Dans un discours ferme, le chef de l’État a rappelé que la liberté d’expression constitue un pilier essentiel de la démocratie, qu’elle s’exerce aussi bien pour les simples citoyens que pour les responsables publics, à condition de respecter le cadre légal en vigueur. Il a souligné un paradoxe préoccupant : lorsque des magistrats, garants de la justice, refusent toute critique, cela peut ébranler les fondements mêmes de notre pacte social.

C’est dans cette optique que Mahamat Idriss Deby Itno a décidé de ne plus présider le Conseil supérieur de la magistrature. Une décision symbolique qui reflète son engagement en faveur d’un équilibre institutionnel.

Une clarification nécessaire

Le président a tenu à préciser un point crucial : le ministre de la Sécurité publique n’a jamais remis en cause l’institution judiciaire dans son ensemble, ni l’ensemble des magistrats. Son intervention visait des comportements spécifiques, notamment des décisions de justice qu’il jugeait encourageantes pour le mensonge.
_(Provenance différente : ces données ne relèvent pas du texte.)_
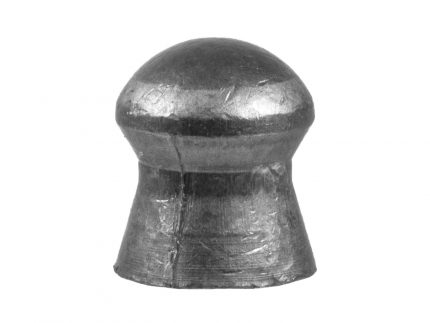 Śrut diabolo JSB Exact 9,00 mm 100 szt.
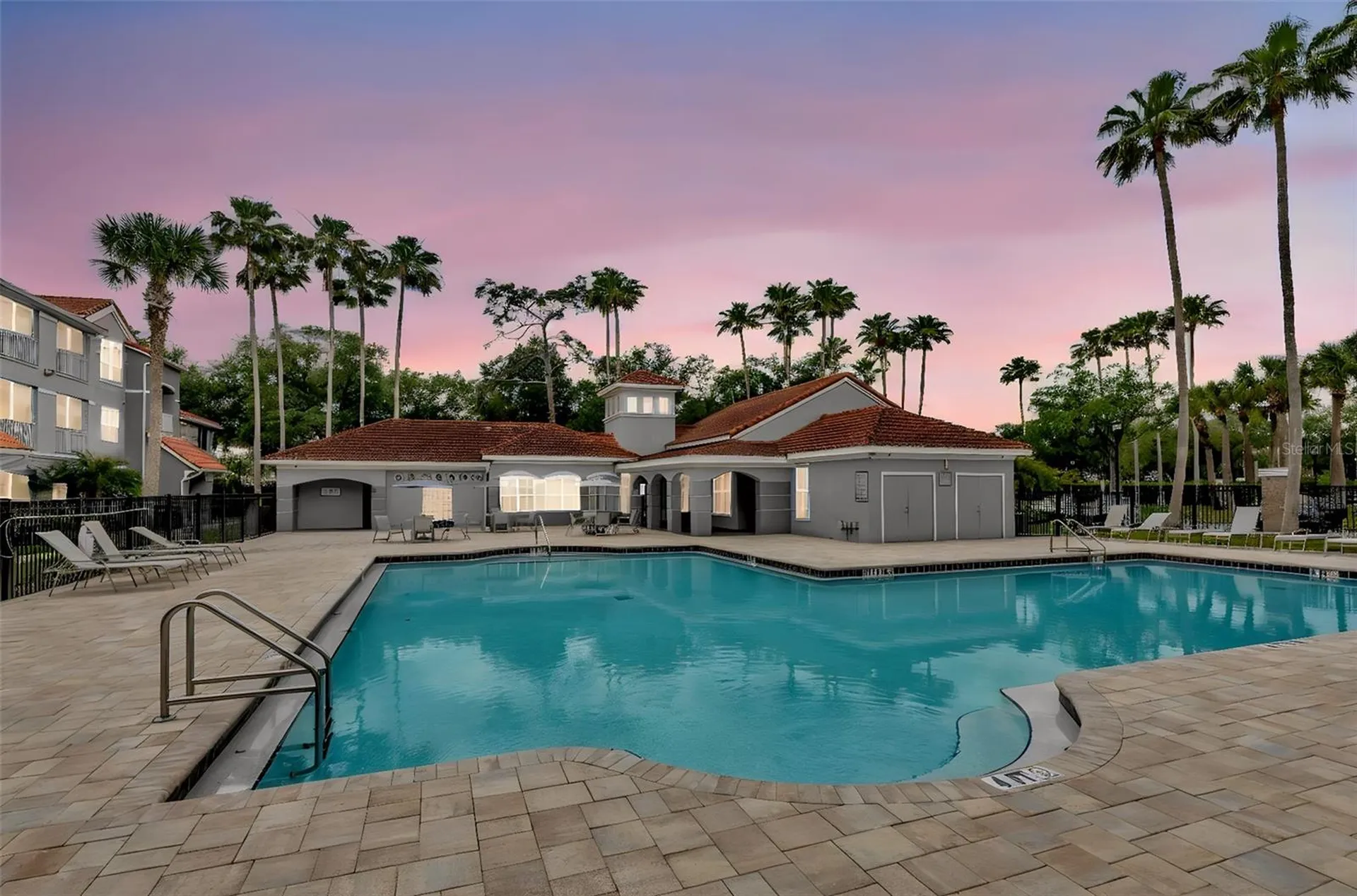 18001 Richmond Place Drive Tampa FL 33647
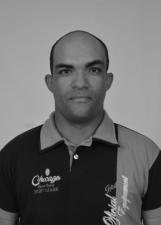 Foto de CICERO SEBASTIAO DO NASCIMENTO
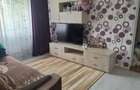Apartament de inchiriat - 4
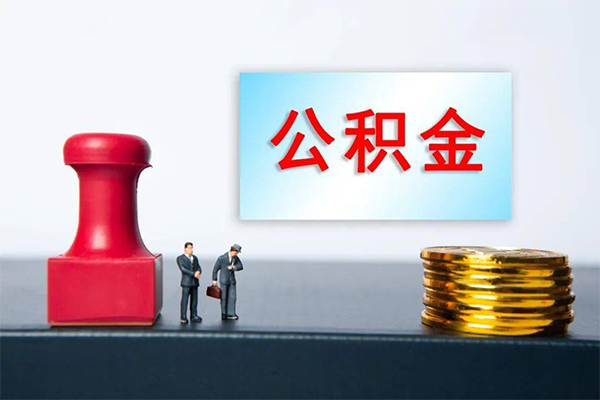 深圳私借空放先息后本-深圳身份证抵押贷款-深圳私借空放直接上门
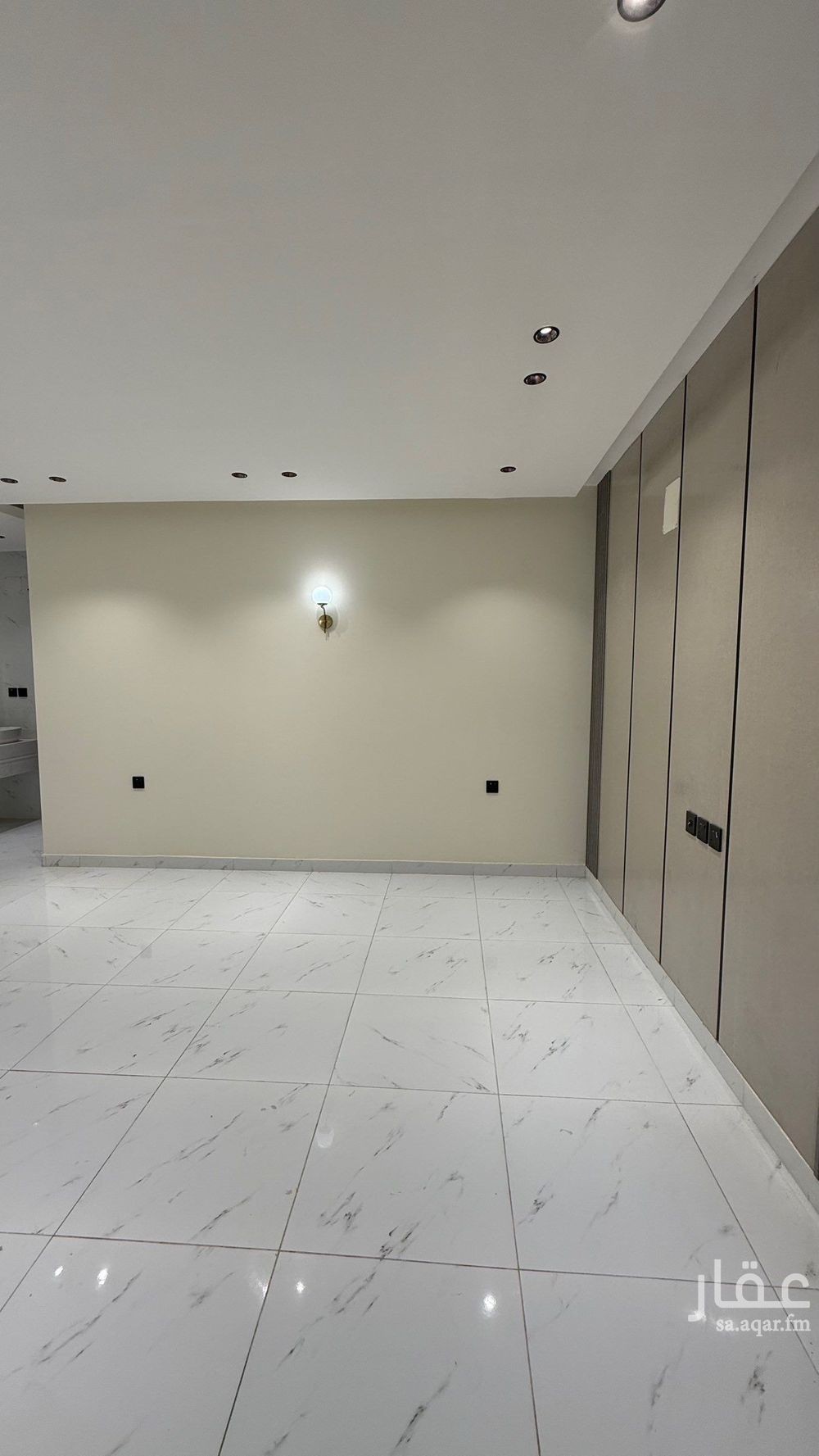 5 bedroom apartment in Al Shati, Jazan 10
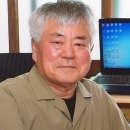 동해시-26 이미지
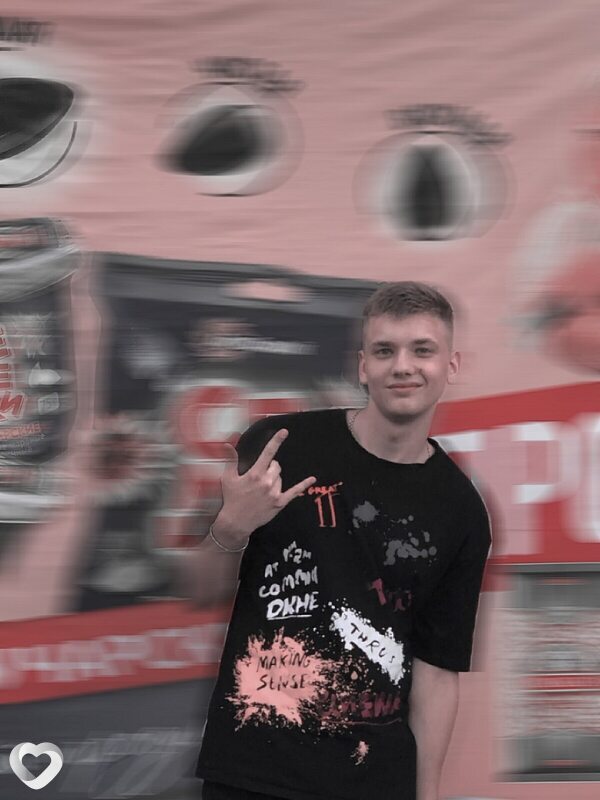 Эдуард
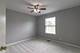 403 Shadow Creek, Vernon Hills, IL 60061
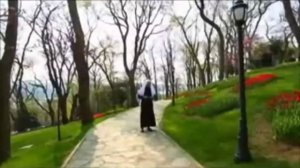 САГ1АНЕХ ДАРБА ДОЛУ ХЬУНА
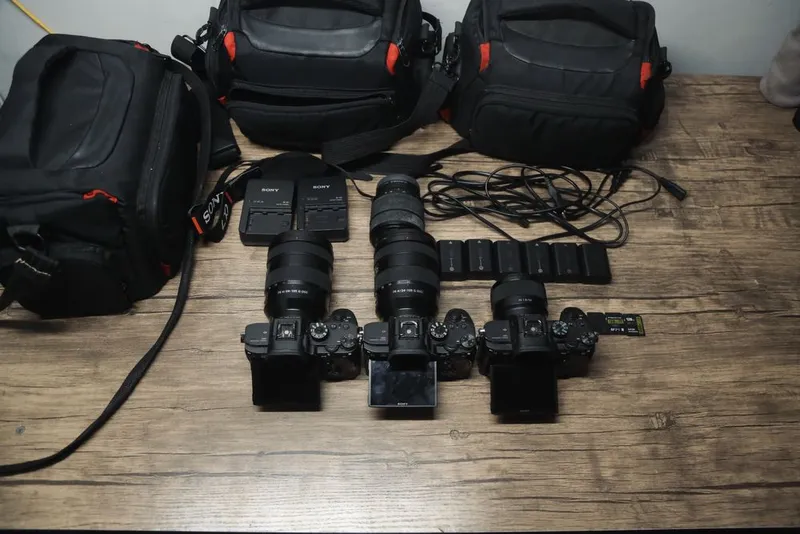 Sony r3 2x sony alfa3 1 Sony r3 2x sony alfa3 1
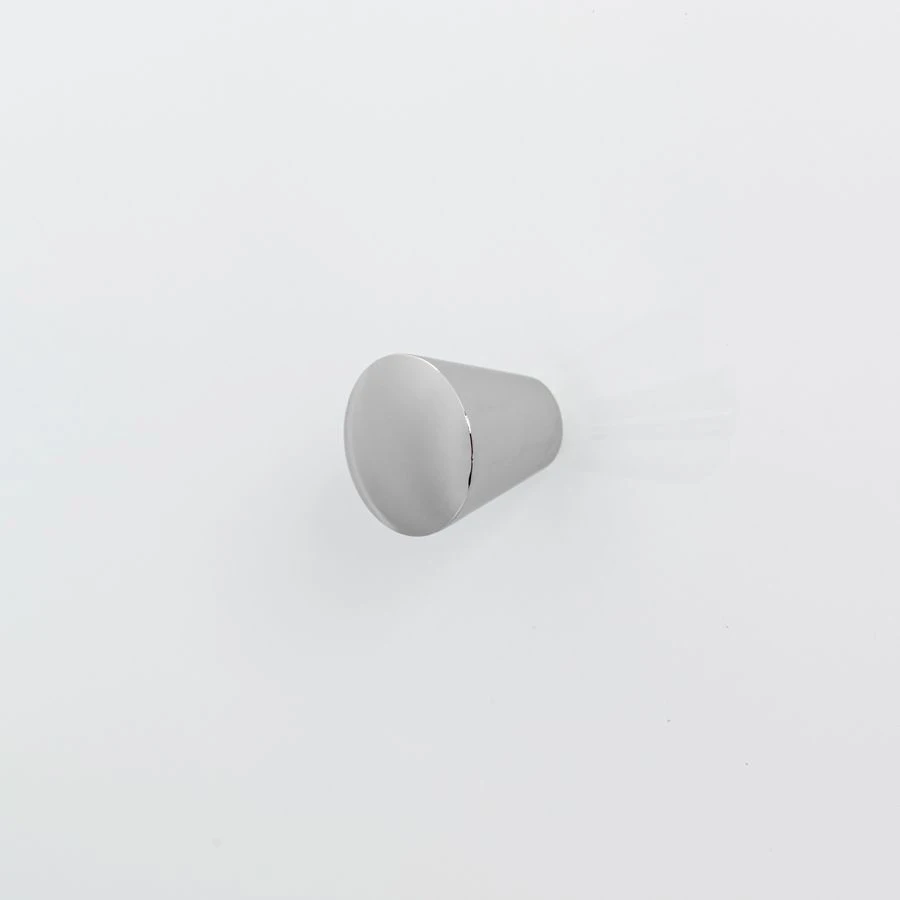 Pimlico White Glass Dressing Table 5 Pimlico White Glass Dressing Table - Image 3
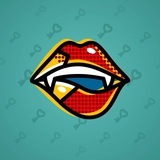 Sharp Tongue #6830 Sharp Tongue #6830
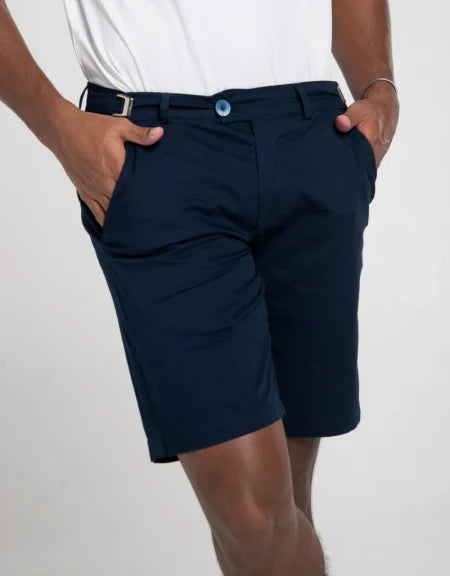 bermuda confortável

bermuda jeans

bermuda masculina

bermuda social

Nobreza Brasil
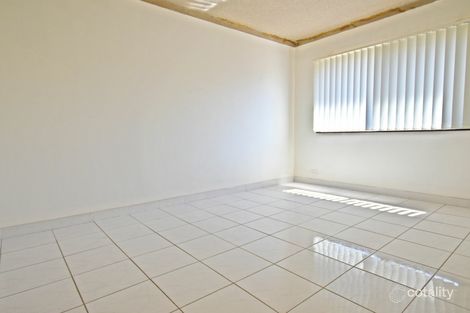 Property photo of 18/53-57 McBurney Road Cabramatta NSW 2166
Dans une séquence vidéo devenue virale, le ministre avait en effet dénoncé certaines ordonnances, les qualifiant de « fausses » et annonçant vouloir les « déchirer ». Ces propos, perçus comme une attaque frontale, ont déclenché la réaction des magistrats.

L’équilibre entre syndicalisme et éthique

Le chef de l’État a reconnu le rôle central du syndicalisme dans une démocratie, mais a mis en garde : défendre un individu ou une catégorie professionnelle ne doit pas conduire à tolérer des agissements contraires à la justice et à l’éthique.